専門分野: 位相幾何学,トポロジー,特異点論,微分位相幾何学,DNA結び目

 位相幾何学(トポロジー)とは、図形をゴムのようなものでできていると考え、グニャグニャと連続的に変形できるものは同じと思う、とても柔らかい幾何学のことです。言い換えると、幾何学的対象の性質のうち、それを連続的に変形しても変わらないものを研究する、純粋数学の一分野です。たとえばコーヒーカップとドーナツは位相幾何学的には同じものと考えられます。それらには「穴」がちょうど1つずつありますが、この「穴」の個数は、図形の連続変形で変わらない量の1つの典型的な例となっています。

ドーナツとコーヒーカップは位相幾何学的には同じ

 こうした位相幾何学は、図形が柔軟性を持つ場合に威力を発揮します。その最たるものが、紐を結んでできる結び目や絡み目です。紐を結ぶことは日常生活でも重要な行為で、結び目が原始時代から人間の生活と深く結びついていることは間違いありません。実際、野生のゴリラも結び目を作ることができることが知られています。ごく最近になって、こうした結び目が、DNA(デオキシリボ核酸)の研究に深く関わることが明らかになってきています。

酵素によるDNA組み換えの例

 遺伝情報の担い手であるDNAは、生物の細胞内で捩れた紐状の形をしていて、輪になっていることもあり、さらにそれが結ばれたり絡んだりしていることもあります。こうしたDNAの結び目・絡み目は、酵素の働きによって作られることは知られていましたが、その仕組みの詳細については実験技術の限界のために明らかにされていませんでした。1980年代終盤、数学者のC.ErnstとD.W.Sumnersは、数学、特にトポロジーにおける結び目理論の最新の結果を駆使してその酵素の仕組みを解明しました。もともと結び目理論は19世紀のGaussによる電磁気学やKelvin卿による渦原子仮説に端を発すると言われていますが、その後化学者・物理学者は結び目を忘れ、数学者だけが興味を持って研究してきた歴史があります。我々はその流れを受け、現代数学の中でも最近もっとも盛んに研究されている分野の1つである結び目理論を駆使することにより、トポイソメラーゼと呼ばれる酵素によるDNA組み換えの解析を、数学的側面から研究しており、こうした解析の産業技術への応用も目指しています。

4次元多様体の鍵を握る特異ファイバー

 なお、こうした研究と同時に、可微分写像の特異点論も活発に研究しています。特に、滑らかな物体間の写像の特異点が、そうした物体の位相幾何学的性質を深く反映する具体的事実などを数多く発見してきています。特に、特異ファイバーと呼ばれる1点の逆 4次元多様体の鍵を握る特異ファイバー像に着目する研究では世界的な第一人者を自負しており、それを最初に定式化した著書も出版しました。最近はこうした理論を、多値関数データのための視覚的解析に応用すべく、研究を行っています。
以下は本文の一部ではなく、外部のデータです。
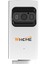 Whome Yapay Zeka Destekli 8 Mp Gece Görüşlü Kamera (32 GB Tf Kart Destekli) 1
 また、可微分写像の特異点論以外にも、位相的埋め込みの第一障害類、余次元1写像の分離性質、複素超曲面の孤立特異点の位相幾何、ファイバー結び目、4次元多様体、余次元1の埋め込み、空間曲線の微分幾何学的不変量、結び目解消数など、位相幾何学の様々な分野を幅広く研究しています。こうした研究は、種々の分野で応用できる可能性があり、たとえば物質・材料の性質をミクロなレベルから考察する際には威力を発揮することが期待されます。なお、一般化されたフィボナッチ数列の漸近挙動についても精力的に研究を行っており、解析関数の零点に関する研究もあります。

こうした幅広い研究を行っていることは、教育に対する効果もかなり大きく、これまでに指導した学生の産業技術への貢献実績もあります。また、異分野連携で活躍する数学博士人材を育成するための卓越大学院プログラムのコーディネーターも務めております。

 今後も、トポロジーという純粋数学を基に、数学と産業技術の関わりを深めてゆければ誠に幸いです。